● **What the task requires**
Restate every entry word for word.

[Data extracts — start]

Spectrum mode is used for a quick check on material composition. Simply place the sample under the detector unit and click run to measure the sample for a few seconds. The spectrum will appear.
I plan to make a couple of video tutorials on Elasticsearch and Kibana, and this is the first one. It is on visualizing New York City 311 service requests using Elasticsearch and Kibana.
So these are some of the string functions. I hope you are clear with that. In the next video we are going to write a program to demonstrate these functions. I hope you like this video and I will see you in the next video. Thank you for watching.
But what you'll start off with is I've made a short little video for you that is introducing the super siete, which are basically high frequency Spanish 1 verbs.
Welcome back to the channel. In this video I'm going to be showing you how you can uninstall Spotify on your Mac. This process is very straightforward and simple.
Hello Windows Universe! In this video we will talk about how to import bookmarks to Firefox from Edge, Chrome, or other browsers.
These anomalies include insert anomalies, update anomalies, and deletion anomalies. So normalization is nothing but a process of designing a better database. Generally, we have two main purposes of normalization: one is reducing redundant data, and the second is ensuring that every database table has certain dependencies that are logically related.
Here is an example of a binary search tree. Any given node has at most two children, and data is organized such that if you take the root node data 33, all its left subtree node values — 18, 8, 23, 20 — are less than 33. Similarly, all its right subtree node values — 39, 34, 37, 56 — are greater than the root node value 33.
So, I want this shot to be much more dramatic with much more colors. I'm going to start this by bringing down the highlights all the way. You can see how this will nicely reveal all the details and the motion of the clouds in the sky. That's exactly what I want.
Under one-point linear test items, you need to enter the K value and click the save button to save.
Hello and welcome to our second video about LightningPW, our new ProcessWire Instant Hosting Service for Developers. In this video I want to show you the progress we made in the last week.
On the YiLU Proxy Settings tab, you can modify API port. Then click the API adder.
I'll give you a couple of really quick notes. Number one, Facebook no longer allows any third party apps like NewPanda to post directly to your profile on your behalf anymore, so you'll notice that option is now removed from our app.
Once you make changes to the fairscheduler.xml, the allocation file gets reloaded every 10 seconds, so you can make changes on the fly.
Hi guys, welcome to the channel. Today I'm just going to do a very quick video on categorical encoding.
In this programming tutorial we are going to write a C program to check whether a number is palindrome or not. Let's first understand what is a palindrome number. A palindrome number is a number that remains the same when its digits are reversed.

[Data extracts — finish]

● **Task response**
Spectrum mode is used for a quick check on material composition. Simply place the sample under the detector unit and click run to measure the sample for a few seconds. The spectrum will appear.
I plan to make a couple of video tutorials on Elasticsearch and Kibana, and this is the first one. It is on visualizing New York City 311 service requests using Elasticsearch and Kibana.
So these are some of the string functions. I hope you are clear with that. In the next video we are going to write a program to demonstrate these functions. I hope you like this video and I will see you in the next video. Thank you for watching.
But what you'll start off with is I've made a short little video for you that is introducing the super siete, which are basically high frequency Spanish 1 verbs.
Welcome back to the channel. In this video I'm going to be showing you how you can uninstall Spotify on your Mac. This process is very straightforward and simple.
Hello Windows Universe! In this video we will talk about how to import bookmarks to Firefox from Edge, Chrome, or other browsers.
These anomalies include insert anomalies, update anomalies, and deletion anomalies. So normalization is nothing but a process of designing a better database. Generally, we have two main purposes of normalization: one is reducing redundant data, and the second is ensuring that every database table has certain dependencies that are logically related.
Here is an example of a binary search tree. Any given node has at most two children, and data is organized such that if you take the root node data 33, all its left subtree node values — 18, 8, 23, 20 — are less than 33. Similarly, all its right subtree node values — 39, 34, 37, 56 — are greater than the root node value 33.
So, I want this shot to be much more dramatic with much more colors. I'm going to start this by bringing down the highlights all the way. You can see how this will nicely reveal all the details and the motion of the clouds in the sky. That's exactly what I want.
Under one-point linear test items, you need to enter the K value and click the save button to save.
Hello and welcome to our second video about LightningPW, our new ProcessWire Instant Hosting Service for Developers. In this video I want to show you the progress we made in the last week.
On the YiLU Proxy Settings tab, you can modify API port. Then click the API adder.
I'll give you a couple of really quick notes. Number one, Facebook no longer allows any third party apps like NewPanda to post directly to your profile on your behalf anymore, so you'll notice that option is now removed from our app.
Once you make changes to the fairscheduler.xml, the allocation file gets reloaded every 10 seconds, so you can make changes on the fly.
Hi guys, welcome to the channel. Today I'm just going to do a very quick video on categorical encoding.
In this programming tutorial we are going to write a C program to check whether a number is palindrome or not. Let's first understand what is a palindrome number. A palindrome number is a number that remains the same when its digits are reversed.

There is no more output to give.